The festival has provided an excellent platform that celebrates both aspiring and established writers, poets, artists and cultural champions. With an outstanding commitment to inclusion at our festivals, we host at least 10 Muslim communities in Greater Manchester that represent every continent. We’ve also worked with schools to enrich their curriculums by encouraging them to practice multiple art forms and celebrate cultural diversity.
Q: To date, which MACFEST events do you think have been most impactful? And what have been your personal highlights?
A: There are so many to choose from! Our annual celebration of poets reciting in their own languages or hearing the music and sounds of different countries. Or our 25 annual women events that included dance performances from Turkey and Indonesia. Plus, child-friendly discussions on race and climate change. So many of our events over the years have had a huge, positive impact. This is especially true of our collaborations with schools which encouraged young children to express themselves creatively, embrace their cultures and diversity in general.
Many of my favourites from this year celebrate and showcase the lives and work of Muslim women, such as: an exhibition of female Afghani artists living under Taliban rule, a performance by Sudanese girls and Turkish women, learning about three centuries of female Muslim travel writers as well as the challenges faced by a deaf film maker on International Women’s Day.
Q: We’re really looking forward to our joint online event on the 9th of July: ‘Kindness & Integrity – Leadership in a troubled world’. Why did you find it important to organise this event at this time?
A: Personally, I’m a huge fan of Professor Akbar’s work.

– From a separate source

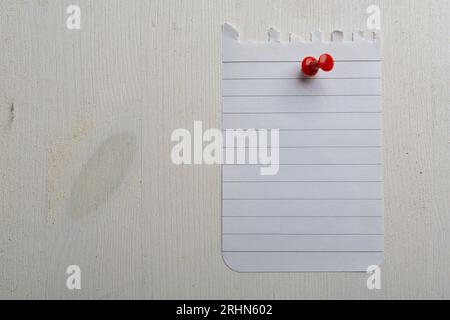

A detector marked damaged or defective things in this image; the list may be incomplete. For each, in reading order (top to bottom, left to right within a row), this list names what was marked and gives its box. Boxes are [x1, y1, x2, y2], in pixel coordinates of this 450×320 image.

torn top edge of paper [221, 23, 384, 272]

His mere presence enriches our festival, as it did two years ago. The topic that he chose ties in beautifully with his lifelong commitment to building bridges and promoting harmony between people of faith.

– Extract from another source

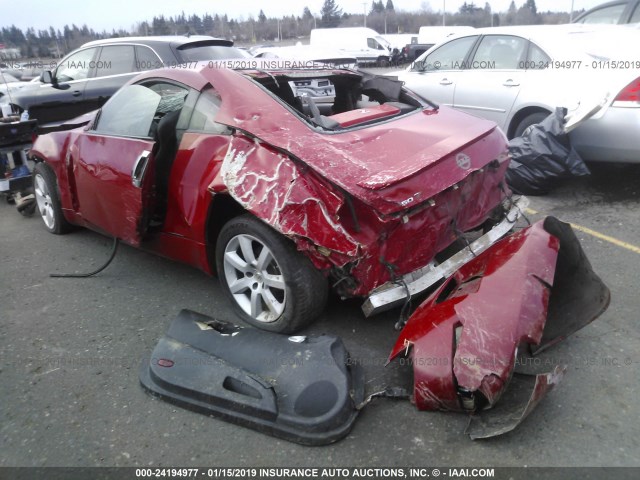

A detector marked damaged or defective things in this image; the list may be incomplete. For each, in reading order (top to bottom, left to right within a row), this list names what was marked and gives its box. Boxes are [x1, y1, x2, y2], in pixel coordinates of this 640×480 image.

wrecked red coupe [31, 62, 608, 436]
crumpled sheet metal [390, 218, 608, 438]
broken taillight area [388, 218, 612, 438]
detached bumper [388, 218, 612, 438]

“We are living in a troubled world filled with conflicts and divisions. Cultures of hate and the ‘othering’ of people persist.”
All the while, extremists stoke the fires of division. So, there is a real need for leaders to take ownership of their actions and words to promote peace and kindness in the world.

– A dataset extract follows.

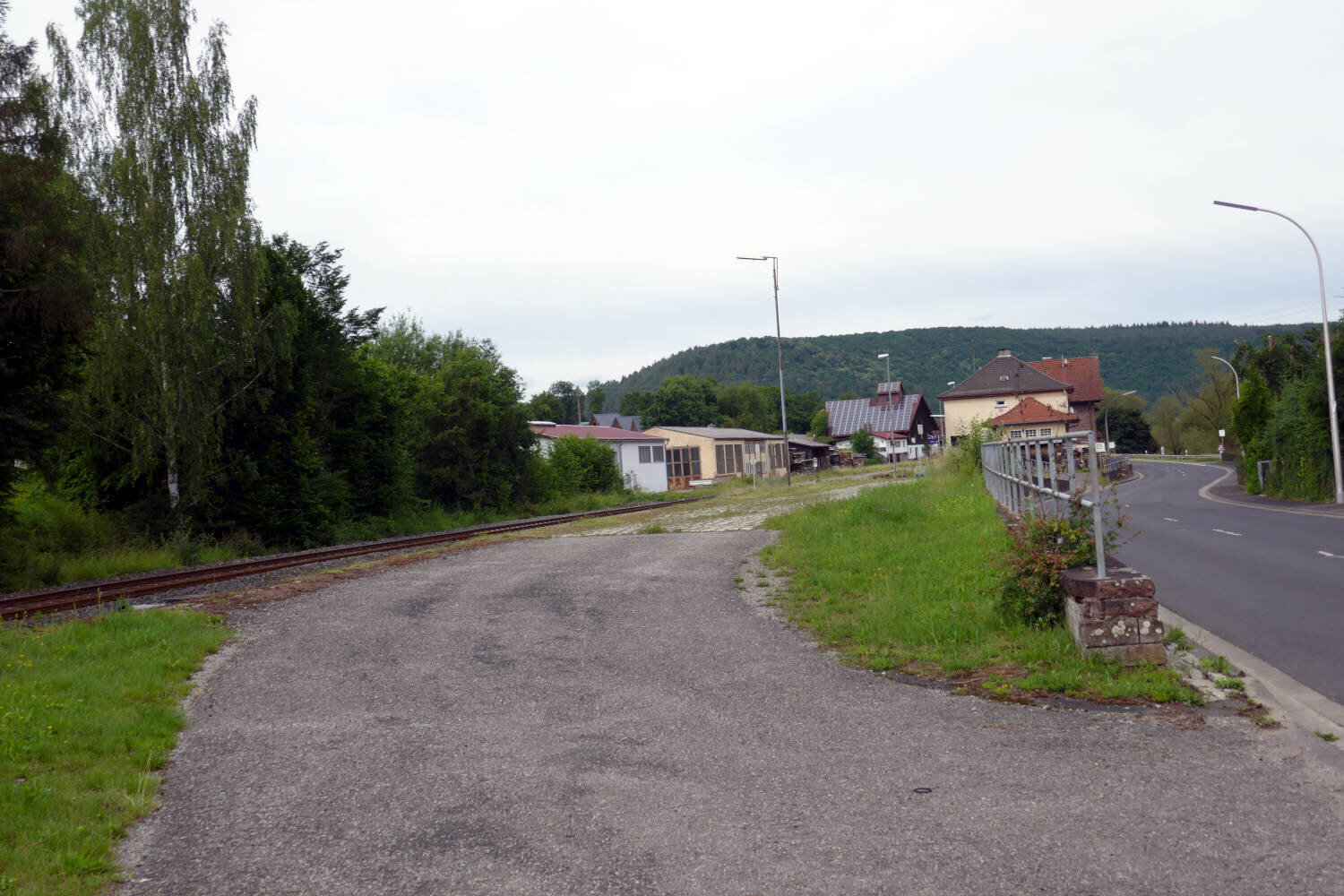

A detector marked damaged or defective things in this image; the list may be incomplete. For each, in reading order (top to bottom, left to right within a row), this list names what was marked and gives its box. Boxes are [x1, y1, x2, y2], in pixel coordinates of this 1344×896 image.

rusty railroad track [0, 495, 695, 620]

Q: How does Professor Akbar Ahmed’s work align with MACFEST’s ambitions?
A: MACFEST’s mission is to challenge Islamophobia, break barriers, promote community and social cohesion and, of course, spread sweetness with our slogan ‘Spread Honey Not Hate.’ The marvellous work of Professor Akbar Ahmed – an academic, author, poet, playwright, filmmaker, former diplomat and, of course, ardent promoter of interfaith dialogue – aligns beautifully with MACFEST and its mission.
Internationally applauded and recognised for his incredible feat of achievements and work, he has devoted his whole life – through his bestselling books, travel documentaries, historical film, poetry and plays – to promoting peace and a better understanding of history, Muslims and building bridges.
“Professor Akbar is a leading figure in the Muslim world and is highly respected for his intellect and nuanced discussions on contemporary issues. The BBC rightly called him, ‘the world’s leading authority on contemporary Islam’.”
Most importantly, for creating a space for dialogue between people of all faiths, including with the Jewish communities.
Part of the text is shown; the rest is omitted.